Saturday, June 9, 2012

Vroom Vroom

Jeff recently bought a new car. It's beautiful. I'm pissed about it but I have to admit it's beautiful- deep midnight blue, shiny, sweet, perfect.  Well, at least it was until yesterday evening.  It has a manual transmission, a 6-speed, in fact.  It's very vroom vroom. Though it seats 4 people, I would not call it a family car.  Originally he told me he was getting the all-wheel drive model.   But then he found out from the dealership that he couldn't get the all wheel drive model and the manual transmission.  He just neglected to inform me of this change until the car arrived.  Thus my anger with the situation.  It is mitigated somewhat on the rare occasions when I actually get to drive it.

So we had a full day of nothing much at all  (for all you Replacement Fans) yesterday.  Excavators in the front yard, 3 or 4 dump trucks, rebar, hammer drills, masonry saws, you know, just a typical Friday.  Just those words get me all excited. I'm such a hillbilly. Anyway, the kids had their first morning off of school.  Henry spent his time in our bed reading, playing with the iPad and watching cartoons.  Elliot was in the back yard chasing butterflies.  It was precious.  I mean just so sweet, it brought tears to my eyes.  He would skip and hop and jump to grasp at them as they were darting to and fro.  Every one of these attempts were fruitless--I'm glad of it, too. Because had he actually leaped and slapped his hands together and caught one, it would have been more butter than fly, if you know what I mean.

They had to go to a picnic for their old school at 3pm. Then we had to be at their new school at 6pm.  Thank God it was a picture perfect early summer evening.  There were friends, a lake, a water park, hot dogs, squirt guns and a few playgrounds at the first party.  The second, a very well run Ice Cream Social at a Public school, had a dunk tank and a bunch of bounce houses. Need I say more?  I felt like I'd been transported back to the 1970s (without the dope and people with the munchies every where, of course).  Everybody was involved.  Everybody was laughing and eating ice cream and the kids just ran and ran.  Days like yesterday restore my faith in faith, public education, summer, love, family and all the simple pleasures of life that Jeff and I enjoyed during our very innocent upbringings.

In between these activities, we decided to come home and do a quick change.  Jeff pulled his nice shiny new car into the garage.  I wandered into the backyard picking up toy debris while Jeff was inside.  I had only a vague idea of the locations of the kids.

All of a sudden, I hear a giant crash into the trees that line our property.  It sounded sort of like a hurricane force wind gust hitting somewhere in the front yard.  It was an unnatural sound so I ran out there to see what was going on.  There, on the down slope at the edge of our property, sat Jeff's car facing uphill, ass end in the trees.  I panicked.
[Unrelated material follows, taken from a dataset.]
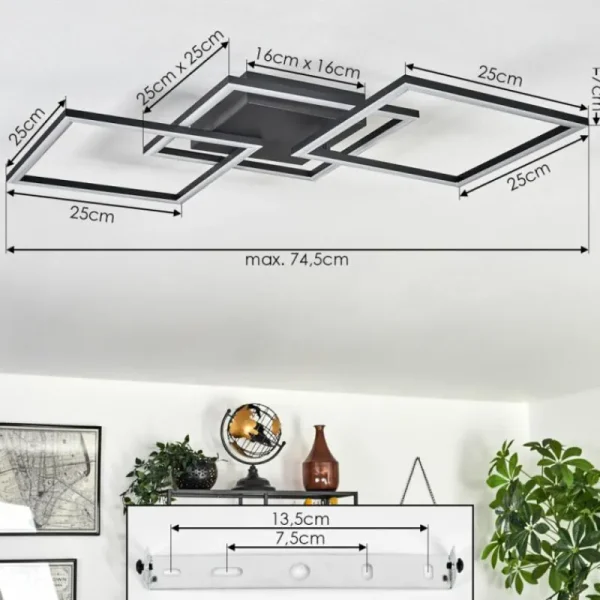 hofstein Plafonnier Obo LED Noir, 1 lumière* Lampes Modernes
I started screaming the kids' names.  First it was Elliot because he was the kid that I had last seen in the area at the time.  He wandered around the corner and appeared. But there was no Henry and Jeff was not responding in the least to my screams.  Finally I just screamed that panic-stricken blood curdling effing murderous scream "JEEEEEEEEEFFFFFF!!!! Where is Henry?!!!" Finally the two of them appeared in the open door from the garage to the house.  I cannot do justice in words the sensation that overtook me upon seeing all of them together.

Here's where I'm going with that.  I really thought that somebody took the e-brake off.  I know my kids would have tried to get behind the car and stop it if it started rolling down the hill and it was somehow their fault. They're 5 and 6 and believe in Santa Claus. Okay?  They would totally do that.  So there I stood, blood pouring back into the extremities that felt like they were detached from my torso.  Hell, I don't even HAVE a chest and the damn thing was heaving.

Jeff forgot to put the emergency brake on.  The reason he did this is that he is overwhelmed. It was as simple as that. He's running in 12 different directions and doing a pretty bang-up job of all of it about 99% of the time. The driveway goes downhill. He's not used to the car.  Thank God nobody was playing on their bikes behind the car.

I  wanted to scream at somebody but I was just so glad all was well....except for a few dings on the trunk and back bumper the car was fine, too. 

I know I cannot protect them from everything.  I cannot teach them everything.  Hell, I can't even make my spouse buy a practical car.  The world is fraught with danger.   Somebody at an Alanon meeting said that when she feels overwhelmed by her vulnerability, she mentally wraps herself and the other objects of her fear up in a blanket and gently hands them over to God. 

God got 4 swaddling bundles last night.

The bump shop gets the other.

1 comment:

  1. Not as bad as the dumb ass who parked eastbound on Liberty at the Main St intersection (with mid afternoon traffic), took a cell phone call, hung up, went up to his office only to be greeted by a fellow worker who, looking out the window, dryly exclaimed, "wow, there's a black 1994 Toyota Supra slowly rolling onto Main St. Cell phone call, keep the car running so as to not run down the battery, put tranny in neutral with foot on brake, call ends and neither brain, tranny or emergency brake engaged.